The lighter cattle produce less beef at a time when there are fewer cattle going to slaughter. The combination of less beef and fewer cattle should mean record cattle and beef prices at least through the coming year, analysts said.
Recent droughts in the U.S. Midwest and Southwest plus record high feed prices caused a reduction in the U.S. cattle herd, which is now the smallest in more than 60 years.
Year-to-date U.S. cattle slaughter, as of Oct. 26, was down 1.5 percent from the year earlier week, according to the U.S. Department of Agriculture. That decline helped drive prices for some slaughter-ready cattle last week to an all-time high of $132 per hundredweight (cwt).
Slaughter steer prices, on average, for 2013 are on pace to set a record for a fourth straight year at roughly $125.70 per cwt. Another record is expected in 2014, with prices averaging around $129.75, said Ron Plain, a University of Missouri economist.
During the week of Oct. 5, the latest weight data from USDA showed steer weights on a carcass basis at 875 lbs, down 5 pounds from the same period a year ago. During that same period, heifers shed 11 pounds to 796 lbs.
“Rising prices for slaughter cattle have resulted in a return to profitability at the feedlot level. This, then, is encouraging them to sell cattle more quickly, holding down weights,” said Elaine Johnson, analyst with CattleHedging.com in Denver, Colorado.
Other analysts and economists noted a marked decline in cattle weights after Merck & Co. decided in August to pull its feed additive Zilmax off the U.S. and Canadian markets.
Zilmax, the widely used and most potent among a host of muscle-building livestock additives known as beta-agonists, can add upwards of 30 pounds of beef on cattle during their last few weeks in feedlots.
Merck opted to suspended Zilmax for further testing after the country’s leading meat processors Tyson Foods Inc and Cargill Inc stopped buying cattle in September given the additive, citing animal welfare concerns.

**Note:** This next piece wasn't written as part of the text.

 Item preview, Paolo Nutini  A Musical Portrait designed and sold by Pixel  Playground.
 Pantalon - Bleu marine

Since early September, some feedlots switched to using a less-potent beta-agonist called ractopamine, made by Eli Lilly & Co’s Elanco Animal Health unit and sold under the brand name Optaflexx.

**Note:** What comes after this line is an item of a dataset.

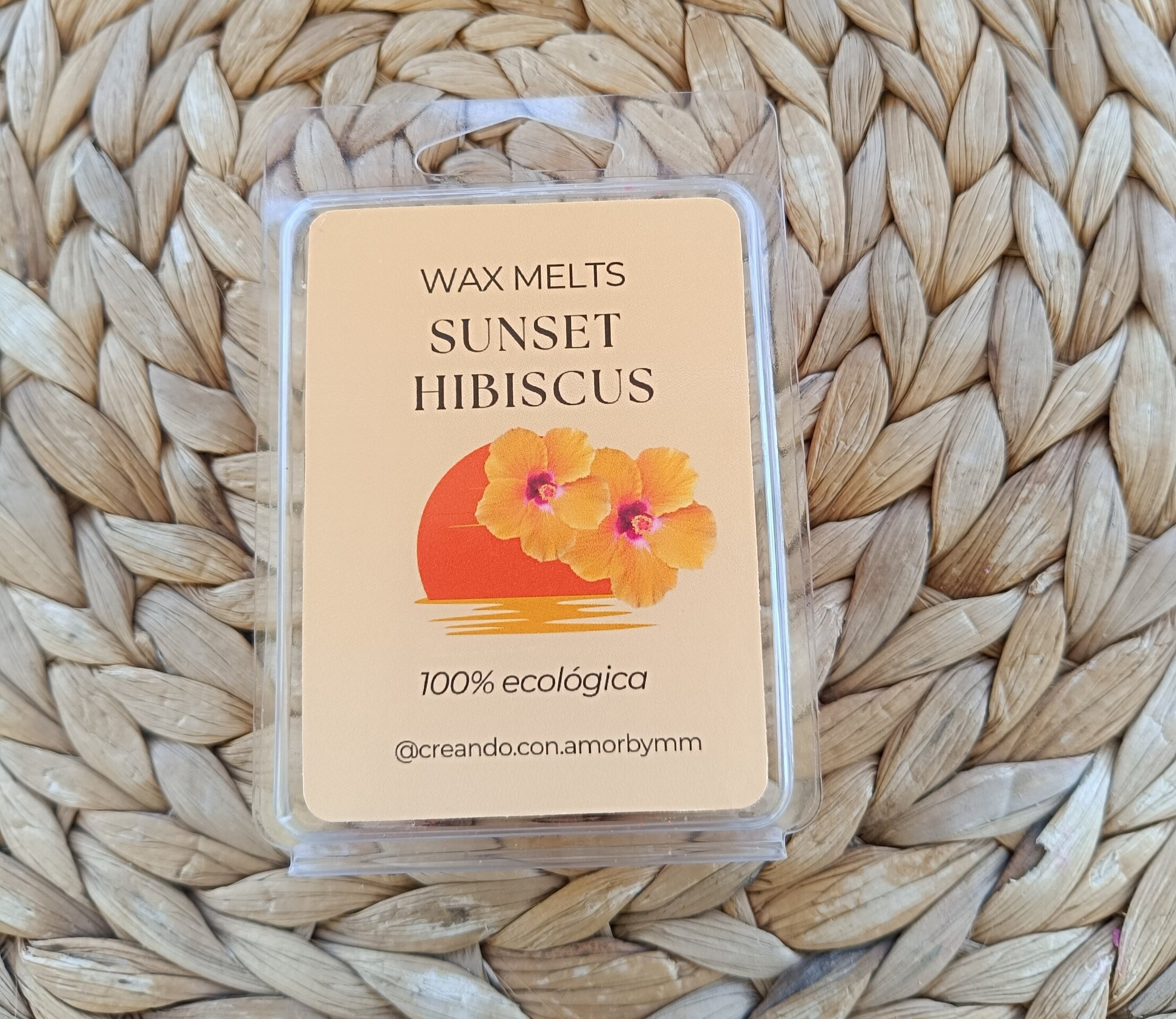 Wax melts olor "sunset hibiscus" - 2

Additionally, some feedyards mitigated year-to-year weight declines by using more less costly feed – the result of this autumn’s bumper crop harvest. Both options require more time to grow cattle to heavier weight than Zilmax, said economists.

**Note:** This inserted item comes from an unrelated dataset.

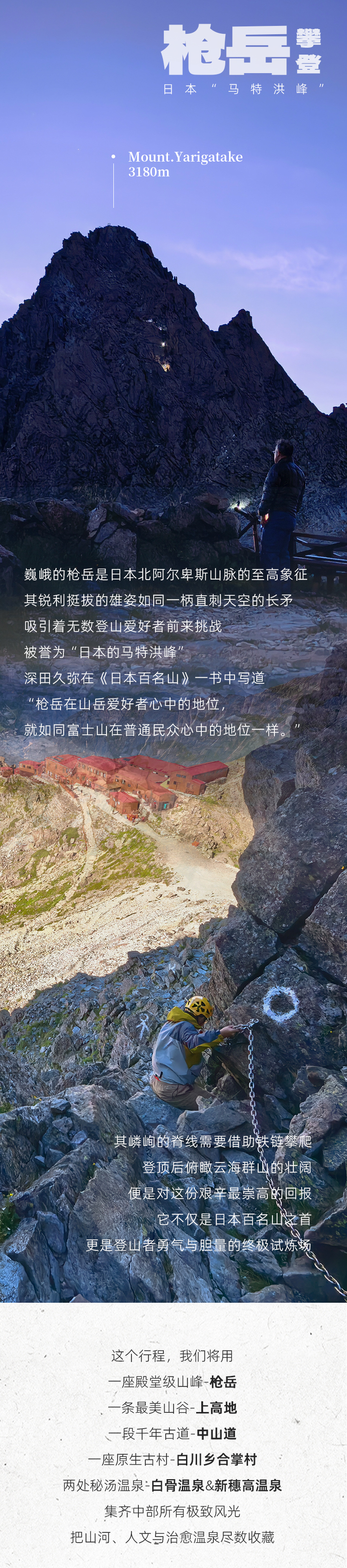 路线亮点
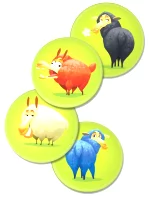 Ovce: Boj o pastviny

“The driving force of the current year-to-year decline in dressed steer and heifer weights is the removal of Zilmax, and largely the switching over to Optaflexx,” said Denver-based Livestock Marketing Information Center director Jim Robb.
He said the use of other beta agonists mitigated the decline in carcass weight that would have possibly fallen as much as 25 lbs had the industry removed both Zilmax and Optaflexx.
David Hales, president of Texas-based Hales Cattle Letter, said in a recent newsletter to his clients that cattle feeders seem be relearning how to effectively market their cattle with Zilmax no longer a part of the feeding equation.
Supplies of slaughter cattle in early October were much tighter than anticipated and are expected to remain scarce into December, said Hales.
“We suspect carcass weights peaked during the week of Oct. 5 and will gradually work lower though the balance of this year,” said Hales, citing forecasts for a wetter, colder second half of the fourth quarter than a year ago, which should affect the performance of cattle in feeding pens.